:: What you should do ::
Lines from the line with "MEYLE 11-144980060 PÓŁO?" to the line with "PRE-ORDER Look Up" in the entries below, and only those, must be output exactly, with both ends included.

--- START ---

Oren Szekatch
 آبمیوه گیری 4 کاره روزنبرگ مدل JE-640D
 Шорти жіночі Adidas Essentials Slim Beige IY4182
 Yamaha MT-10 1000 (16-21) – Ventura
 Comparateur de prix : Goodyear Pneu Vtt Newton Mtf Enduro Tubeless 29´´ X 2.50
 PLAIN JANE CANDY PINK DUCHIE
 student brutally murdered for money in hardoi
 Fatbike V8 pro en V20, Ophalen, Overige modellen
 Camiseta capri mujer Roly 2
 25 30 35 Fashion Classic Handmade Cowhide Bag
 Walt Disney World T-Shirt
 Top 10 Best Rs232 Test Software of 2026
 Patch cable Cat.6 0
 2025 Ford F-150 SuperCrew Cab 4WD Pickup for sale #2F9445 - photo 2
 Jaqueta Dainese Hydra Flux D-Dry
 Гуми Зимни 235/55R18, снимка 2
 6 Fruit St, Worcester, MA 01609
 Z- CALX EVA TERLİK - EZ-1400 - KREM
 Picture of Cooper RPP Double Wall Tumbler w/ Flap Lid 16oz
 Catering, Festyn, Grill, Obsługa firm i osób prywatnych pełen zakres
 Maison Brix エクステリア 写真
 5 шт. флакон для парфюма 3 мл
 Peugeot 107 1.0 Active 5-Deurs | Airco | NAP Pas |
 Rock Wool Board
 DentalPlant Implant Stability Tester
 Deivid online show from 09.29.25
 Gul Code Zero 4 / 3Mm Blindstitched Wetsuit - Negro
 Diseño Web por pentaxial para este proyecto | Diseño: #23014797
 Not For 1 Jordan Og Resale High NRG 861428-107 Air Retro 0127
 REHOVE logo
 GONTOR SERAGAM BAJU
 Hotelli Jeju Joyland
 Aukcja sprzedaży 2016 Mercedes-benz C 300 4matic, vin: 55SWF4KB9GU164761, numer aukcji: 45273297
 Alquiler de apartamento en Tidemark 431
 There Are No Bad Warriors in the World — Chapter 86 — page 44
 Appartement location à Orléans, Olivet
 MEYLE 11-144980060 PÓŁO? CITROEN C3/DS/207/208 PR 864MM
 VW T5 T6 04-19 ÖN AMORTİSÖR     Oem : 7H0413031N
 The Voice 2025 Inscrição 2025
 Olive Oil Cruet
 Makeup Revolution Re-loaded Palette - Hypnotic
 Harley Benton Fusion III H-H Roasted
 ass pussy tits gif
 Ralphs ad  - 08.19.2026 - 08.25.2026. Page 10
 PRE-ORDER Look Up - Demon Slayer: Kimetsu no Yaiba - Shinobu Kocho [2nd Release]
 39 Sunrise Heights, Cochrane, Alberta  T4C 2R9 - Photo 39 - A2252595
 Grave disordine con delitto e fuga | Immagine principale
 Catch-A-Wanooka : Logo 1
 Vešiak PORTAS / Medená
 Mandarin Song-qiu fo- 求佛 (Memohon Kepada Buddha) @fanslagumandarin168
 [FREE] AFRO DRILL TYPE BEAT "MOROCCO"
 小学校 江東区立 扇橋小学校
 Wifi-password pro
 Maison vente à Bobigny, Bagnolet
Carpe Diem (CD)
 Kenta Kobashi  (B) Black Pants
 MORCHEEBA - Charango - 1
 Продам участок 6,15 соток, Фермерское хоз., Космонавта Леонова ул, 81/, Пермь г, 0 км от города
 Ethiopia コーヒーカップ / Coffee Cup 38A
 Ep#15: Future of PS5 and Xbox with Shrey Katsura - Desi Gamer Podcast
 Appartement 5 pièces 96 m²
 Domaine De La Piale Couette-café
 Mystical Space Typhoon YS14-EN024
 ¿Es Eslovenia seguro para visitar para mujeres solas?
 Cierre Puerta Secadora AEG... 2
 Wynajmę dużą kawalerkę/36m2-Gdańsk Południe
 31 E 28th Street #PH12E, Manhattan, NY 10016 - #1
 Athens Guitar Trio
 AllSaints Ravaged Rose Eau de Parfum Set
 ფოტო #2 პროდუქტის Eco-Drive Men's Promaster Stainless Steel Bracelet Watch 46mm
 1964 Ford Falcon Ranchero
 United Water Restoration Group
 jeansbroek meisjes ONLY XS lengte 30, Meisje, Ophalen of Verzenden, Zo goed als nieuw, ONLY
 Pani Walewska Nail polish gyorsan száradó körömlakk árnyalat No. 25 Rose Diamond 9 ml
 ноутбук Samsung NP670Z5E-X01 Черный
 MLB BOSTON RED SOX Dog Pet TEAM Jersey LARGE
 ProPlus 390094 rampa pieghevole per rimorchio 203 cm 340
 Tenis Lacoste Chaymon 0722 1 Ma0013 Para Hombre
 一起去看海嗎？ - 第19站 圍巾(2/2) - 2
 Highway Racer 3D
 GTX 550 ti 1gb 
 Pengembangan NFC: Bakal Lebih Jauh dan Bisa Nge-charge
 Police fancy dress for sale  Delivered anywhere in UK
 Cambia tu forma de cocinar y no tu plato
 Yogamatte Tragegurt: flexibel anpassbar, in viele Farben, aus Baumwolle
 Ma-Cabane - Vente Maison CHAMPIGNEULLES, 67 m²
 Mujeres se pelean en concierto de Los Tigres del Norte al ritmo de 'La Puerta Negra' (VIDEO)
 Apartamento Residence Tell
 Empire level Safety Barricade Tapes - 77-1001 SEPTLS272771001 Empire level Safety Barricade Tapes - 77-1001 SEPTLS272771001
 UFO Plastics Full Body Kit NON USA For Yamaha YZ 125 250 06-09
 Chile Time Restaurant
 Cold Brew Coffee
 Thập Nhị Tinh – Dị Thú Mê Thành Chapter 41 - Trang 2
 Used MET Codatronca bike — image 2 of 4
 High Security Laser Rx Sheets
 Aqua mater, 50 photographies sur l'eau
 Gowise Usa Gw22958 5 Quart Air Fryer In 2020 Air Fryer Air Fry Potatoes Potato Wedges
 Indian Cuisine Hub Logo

--- END ---

:: Problem solution ::
 MEYLE 11-144980060 PÓŁO? CITROEN C3/DS/207/208 PR 864MM
 VW T5 T6 04-19 ÖN AMORTİSÖR     Oem : 7H0413031N
 The Voice 2025 Inscrição 2025
 Olive Oil Cruet
 Makeup Revolution Re-loaded Palette - Hypnotic
 Harley Benton Fusion III H-H Roasted
 ass pussy tits gif
 Ralphs ad  - 08.19.2026 - 08.25.2026. Page 10
 PRE-ORDER Look Up - Demon Slayer: Kimetsu no Yaiba - Shinobu Kocho [2nd Release]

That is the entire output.